Candidate for Councilor at Large, Ward 5
Campaign Website: Https://ww.andreae4newton.orgBiographical statement
Former journalist, current director of the MWRA Wastewater Advisory Committee. Chair of Public Safety & Transportation. Six term councilor, former chair of the Transportation Advisory Group. Environmentalist. Focus on climate, equity and affordability in Newton’s actions.
Questions and Answers
Question 1: Was your motivation to run for office prompted by an issue which impacts the community that is not being adequately addressed?
Part of my motivation in 2017 was to preserve our democracy by strengthening our local democratic institutions. I was also deeply involved in efforts to increase transportation options and safety in Newton—which impacts our health, environment, community and independence. Climate change—mitigating and adapting for it—was also top of mind.

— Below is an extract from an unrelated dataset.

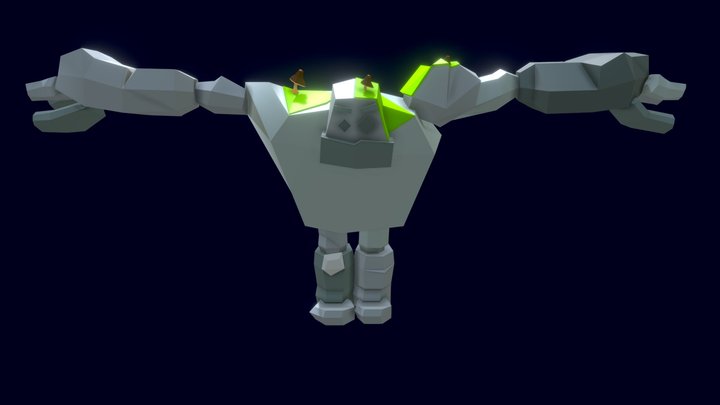 Golem T-Pose 3D Model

Question 2: Housing affordability and its role in increasing racial diversity in Newton has been a stated goal. What measures would you take and support in order to meet this goal?
There is no magic bullet for housing affordability and racial diversity, but adhering to our responsibilities under the Fair Housing Act is critical. Newton has to do its part to repair the damage of 20th century policies, embedded in many of our processes and ordinances, and to affirmatively make it possible for historically underserved communities to live here. I have and will support affordable housing efforts, the housing trust, building and requiring affordable units and reforming our lottery system for more fairness.
Question 3: Small businesses are the heart of our economy and they are struggling. How can you help the city support these businesses?
The struggles our unique small businesses face are real and worry me. I have supported loosening costly parking mandates for village businesses with shared on-street parking, and making our city permitting processes faster and easier. If we want villages to survive, we will need to have more “feet on the street,” which means allowing people again to live in them, above the stores, and allowing more people to live near them. I have also supported affordable rent requirements for small, unique businesses in our larger new developments.
Question 4: Buildings are the largest source of greenhouse gas emissions in Newton. Residential and commercial buildings need to be weatherized and electrified. Relying on voluntary action produces extremely slow progress. What incentives or mandates would you put in place to motivate home owners to weatherize their houses?
I supported the hiring of the city’s energy coach, who helps residents navigate the incentives, loans, grants and other programs for better building performance. Renovations are expensive, but adding higher levels of insulation and fossil-fuel-free construction are often only moderately more so, and an ordinance requiring contractors to price these out for construction and the useful life of the structure makes their efficacy and affordability over time obvious. I would like to quickly move Newton to be able to require fossil-free new construction.